The data are from the AZD7442 COVID-19 PROVENT prevention and TACKLE outpatient treatment Phase III trials.
In an analysis of the ongoing PROVENT trial evaluating a median six months of participant follow-up, one 300mg IM dose of AZD7442 reduced the risk of developing symptomatic COVID-19 compared to placebo by 83%.
About 2% of the global population is considered at increased risk of an inadequate response to a COVID-19 vaccine. This includes people with blood cancers or other cancers being treated with chemotherapy, patients on dialysis, those taking medications after an organ transplant or who are taking immunosuppressive drugs for conditions including multiple sclerosis and rheumatoid arthritis.
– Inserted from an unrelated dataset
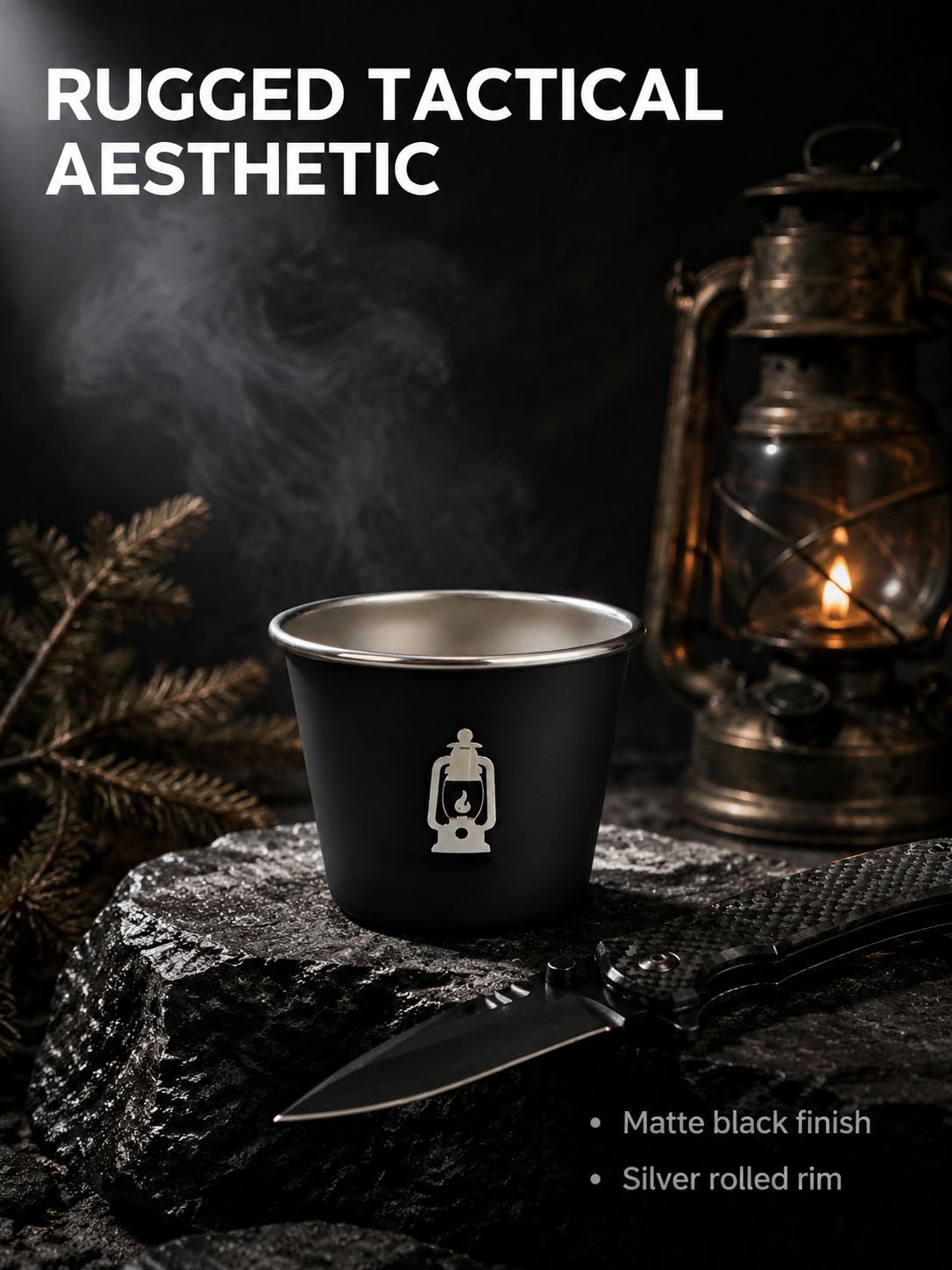 Stainless steel camping wine and tea cup set with carrying pouch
The AZD7442 PROVENT trial is the first Phase III trial prospectively designed to evaluate a monoclonal antibody for pre-exposure prophylaxis of symptomatic COVID-19, with targeted inclusion of high-risk and immunocompromised participants. More than 75% of PROVENT participants at baseline had co-morbidities that put them at high risk for severe COVID-19 if they were to become infected, including people who are immunocompromised and may have a reduced immune response to vaccination.
There were no cases of severe COVID-19 or COVID-19-related deaths in those treated with AZD7442 at either the primary or six-month analyses. In the placebo arm, there were two additional cases of severe COVID-19 at the six-month assessment, for a total of five cases of severe COVID-19 and two COVID-related deaths.
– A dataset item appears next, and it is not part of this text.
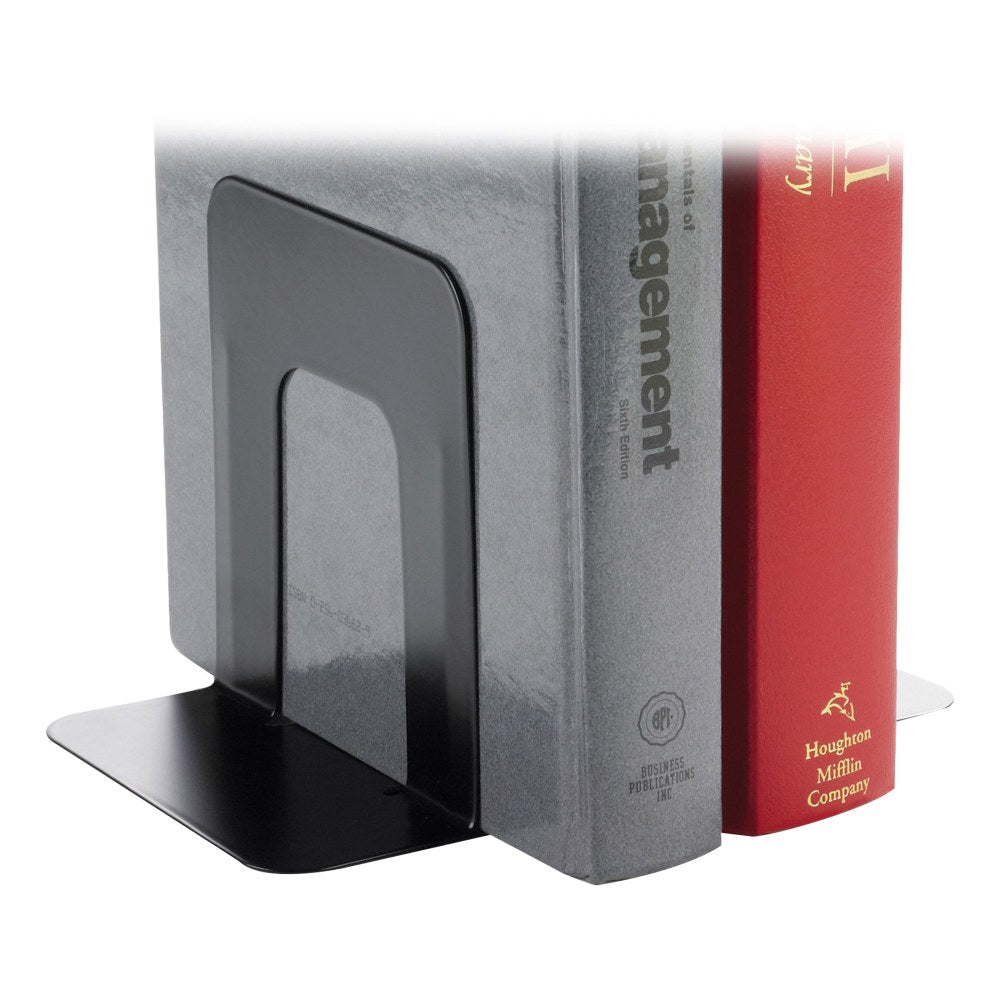 Business Source Heavy-gauge Steel Standard Book Supports, Black, Pack of 6 Sets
An exploratory analysis of the TACKLE outpatient treatment trial, in patients with mild-to-moderate COVID-19, showed that one 600mg IM dose of AZD7442 reduced the risk of developing severe COVID-19 or death (from any cause) by 88% compared to placebo in patients who had been symptomatic for three days or less at the time of treatment.
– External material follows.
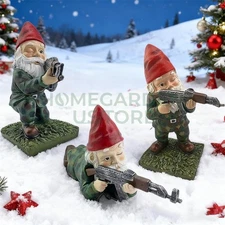 3PCS Garden Gnomes with Gun, Gnome Soldiers Military Army Garden Gnome Statue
A total of 90% of participants enrolled in TACKLE were from populations at high risk of progression to severe COVID-19 if they became infected, including those with co-morbidities.
AZD7442 is a combination of two long-acting antibodies — tixagevimab (AZD8895) and cilgavimab (AZD1061)— which was derived from B-cells donated by convalescent patients after SARS-CoV-2 virus. Discovered by Vanderbilt University Medical Center and licensed to AstraZeneca in June 2020, the human monoclonal antibodies bind to distinct sites on the SARS-CoV-2 spike protein and were optimized by AstraZeneca with half-life extension and reduced Fc receptor and complement C1q binding.